→ Exercise prompt:
Go to the line holding "bathroom featuring tile" in the data below. Return it and each line after it through the last, exactly, and skip the pictures.

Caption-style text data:
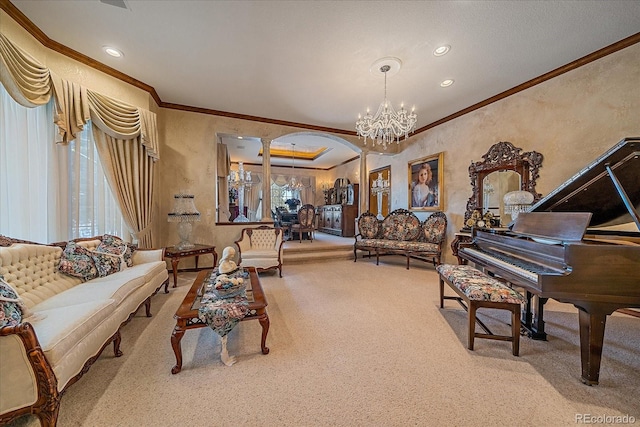 sitting room featuring an inviting chandelier, crown molding, a wealth of natural light, and light carpet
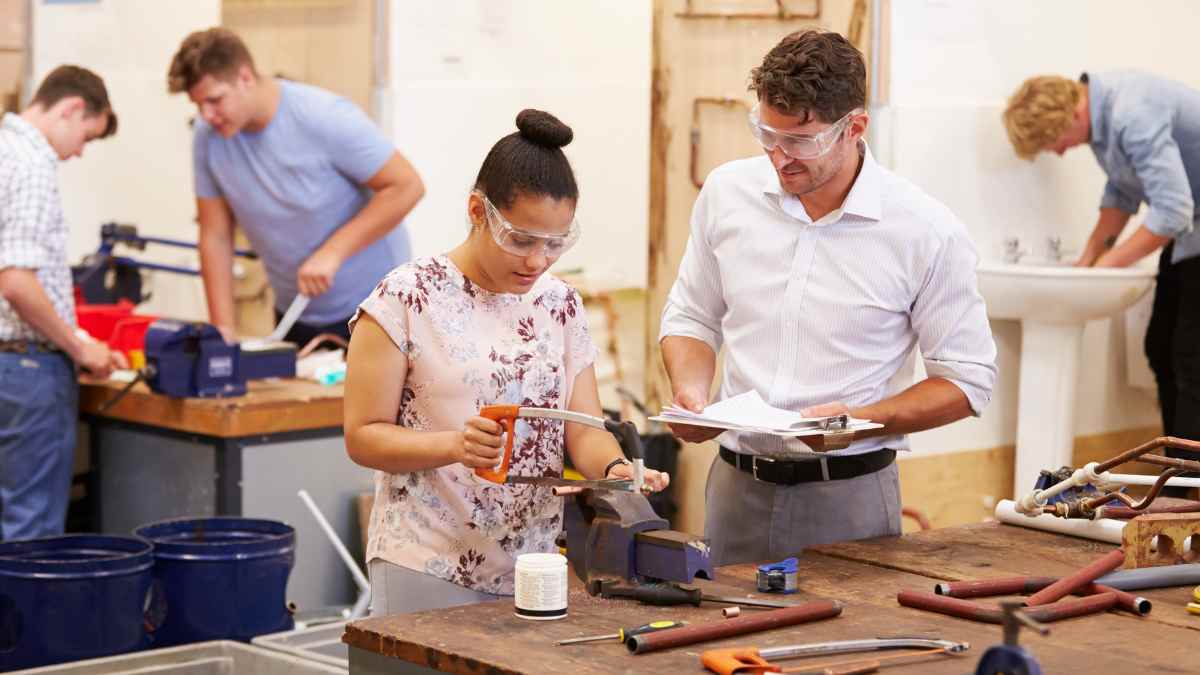 Estudiantes de Formación Profesional en un taller de fontanería con un instructor supervisando el aprendizaje práctico en 2025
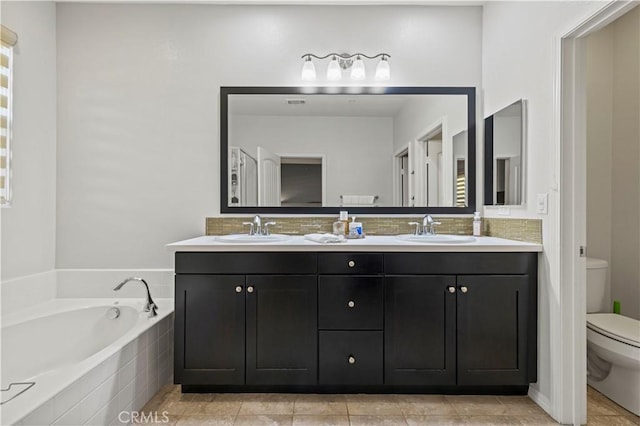 bathroom featuring tile patterned flooring, vanity, tiled bath, and toilet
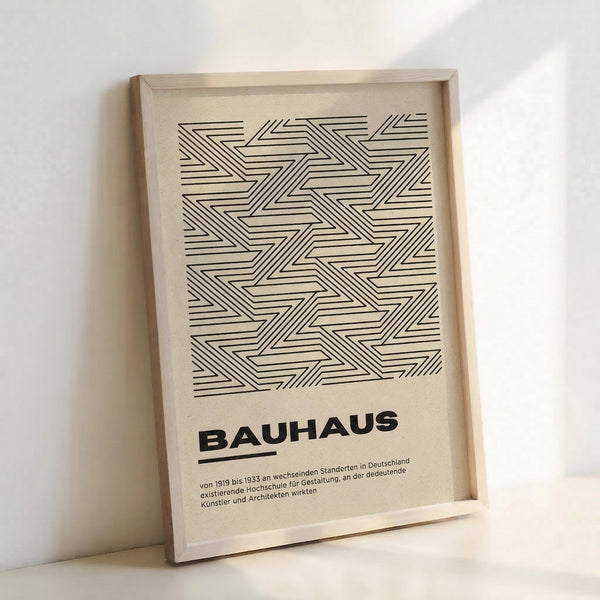 May include: Framed geometric poster with black linear zigzag pattern on cream background, displayed in light wooden frame leaning against white wall. Bold "BAUHAUS" text below intricate interlocking angular design, with small German descriptive text underneath. Clean minimalist styling with natural lighting creating soft shadows.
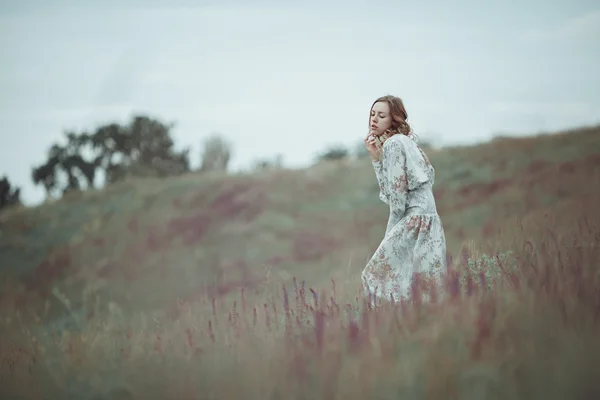 Chica joven en vestido vintage caminando por el campo de flores de salvia . —  Fotos de Stock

→ Your response:
 bathroom featuring tile patterned flooring, vanity, tiled bath, and toilet
 May include: Framed geometric poster with black linear zigzag pattern on cream background, displayed in light wooden frame leaning against white wall. Bold "BAUHAUS" text below intricate interlocking angular design, with small German descriptive text underneath. Clean minimalist styling with natural lighting creating soft shadows.
 Chica joven en vestido vintage caminando por el campo de flores de salvia . —  Fotos de Stock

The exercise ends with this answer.